Input for this task:
⁂

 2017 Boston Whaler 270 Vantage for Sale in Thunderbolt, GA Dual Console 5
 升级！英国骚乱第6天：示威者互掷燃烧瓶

⁂

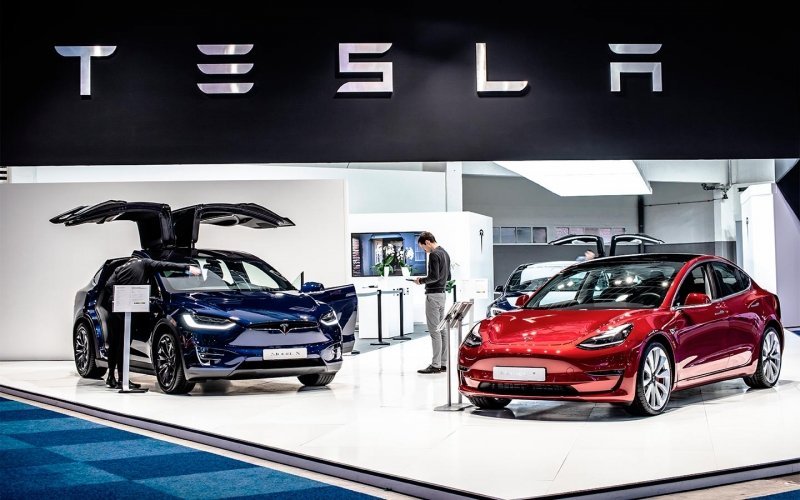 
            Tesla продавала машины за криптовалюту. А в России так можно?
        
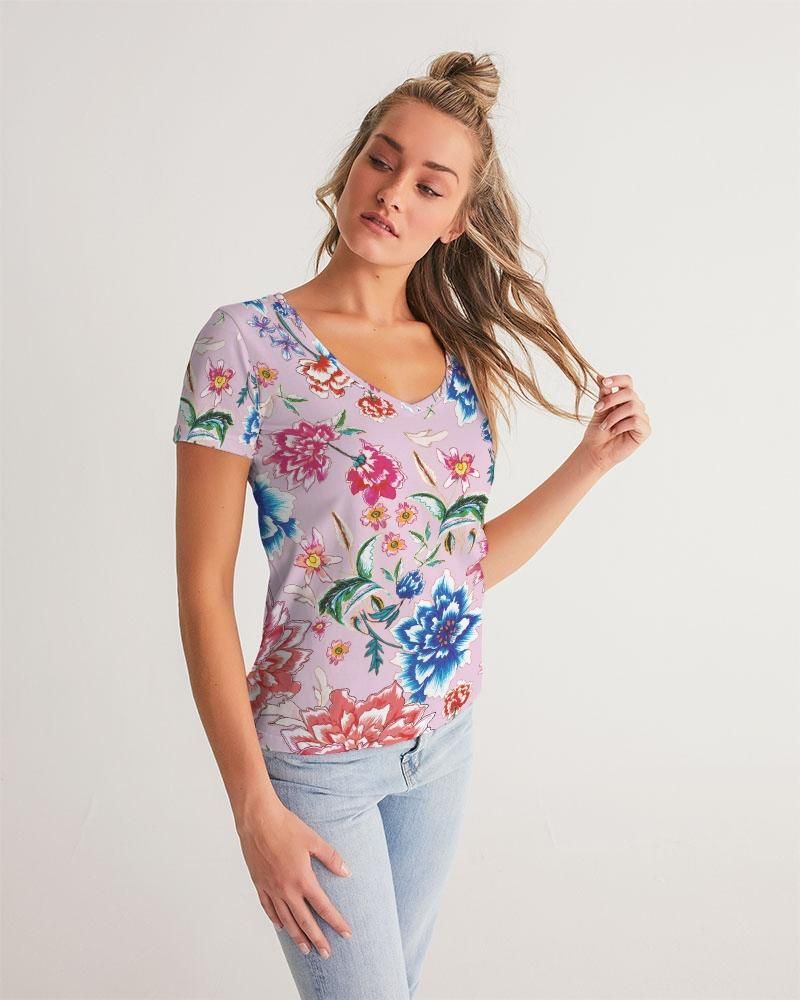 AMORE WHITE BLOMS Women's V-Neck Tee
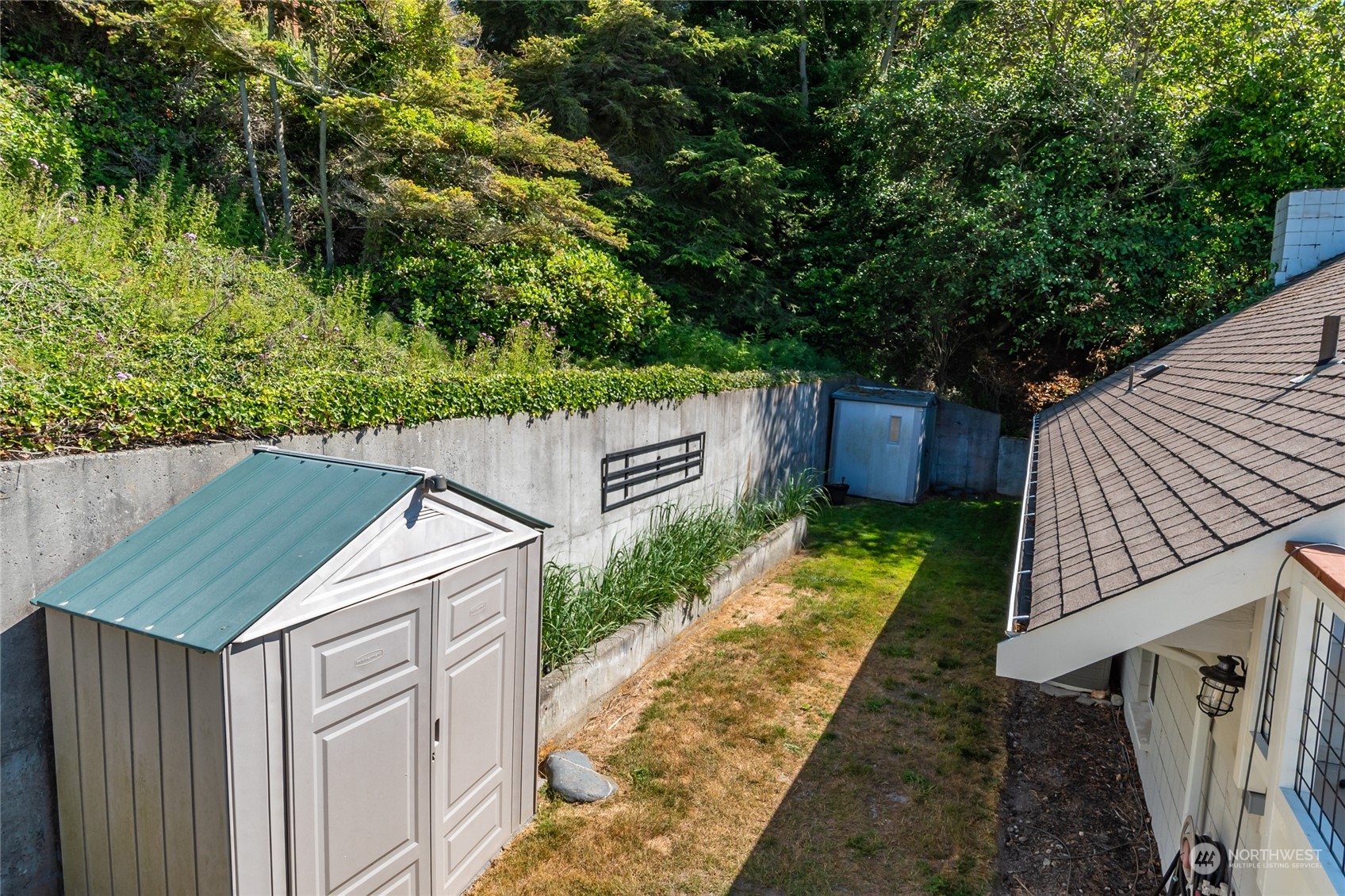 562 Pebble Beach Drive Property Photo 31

⁂

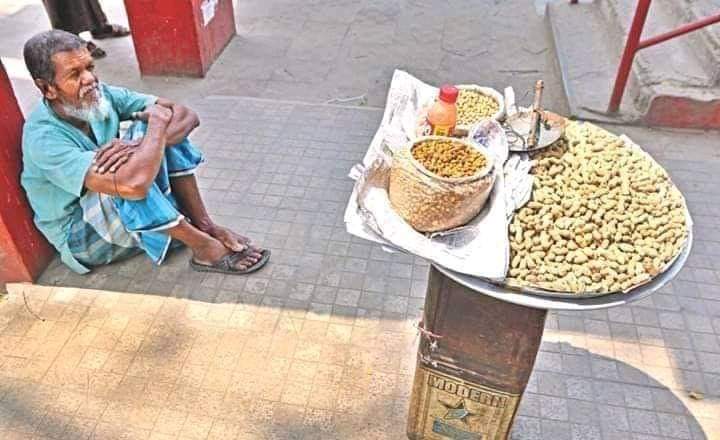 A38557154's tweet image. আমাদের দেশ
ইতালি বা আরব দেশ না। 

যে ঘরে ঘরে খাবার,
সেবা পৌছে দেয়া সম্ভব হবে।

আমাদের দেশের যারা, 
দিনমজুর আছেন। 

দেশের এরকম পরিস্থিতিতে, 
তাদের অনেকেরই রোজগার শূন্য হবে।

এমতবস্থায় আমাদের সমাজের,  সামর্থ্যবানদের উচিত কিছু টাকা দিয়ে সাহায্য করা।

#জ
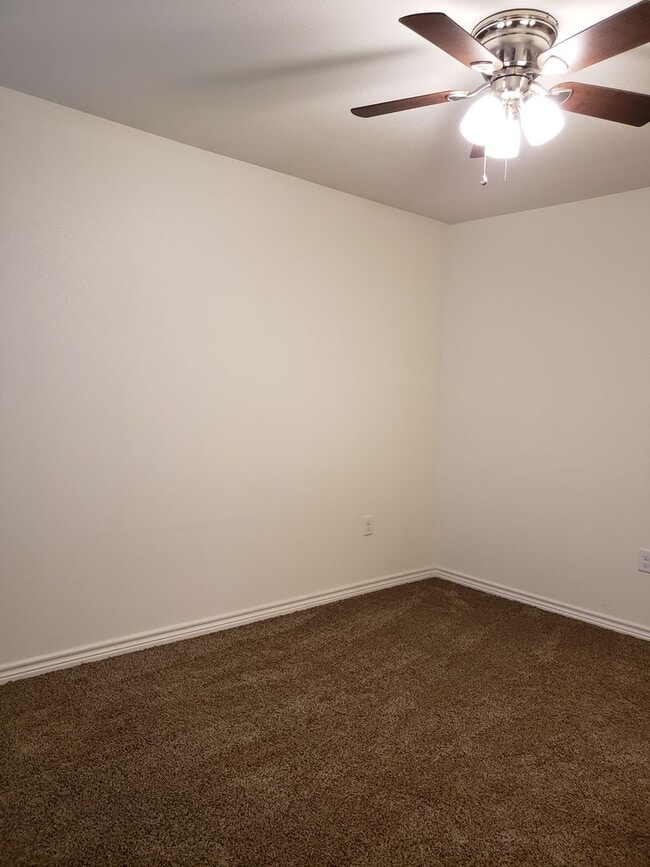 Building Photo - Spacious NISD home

⁂

What to work on: Could you write out, exactly as they stand, only the lines above that begin at the line with "2017 Boston Whaler" and stop after the line with "升级！英国骚乱第6天：示威者互掷燃烧瓶"?

Exercise answer:
 2017 Boston Whaler 270 Vantage for Sale in Thunderbolt, GA Dual Console 5
 升级！英国骚乱第6天：示威者互掷燃烧瓶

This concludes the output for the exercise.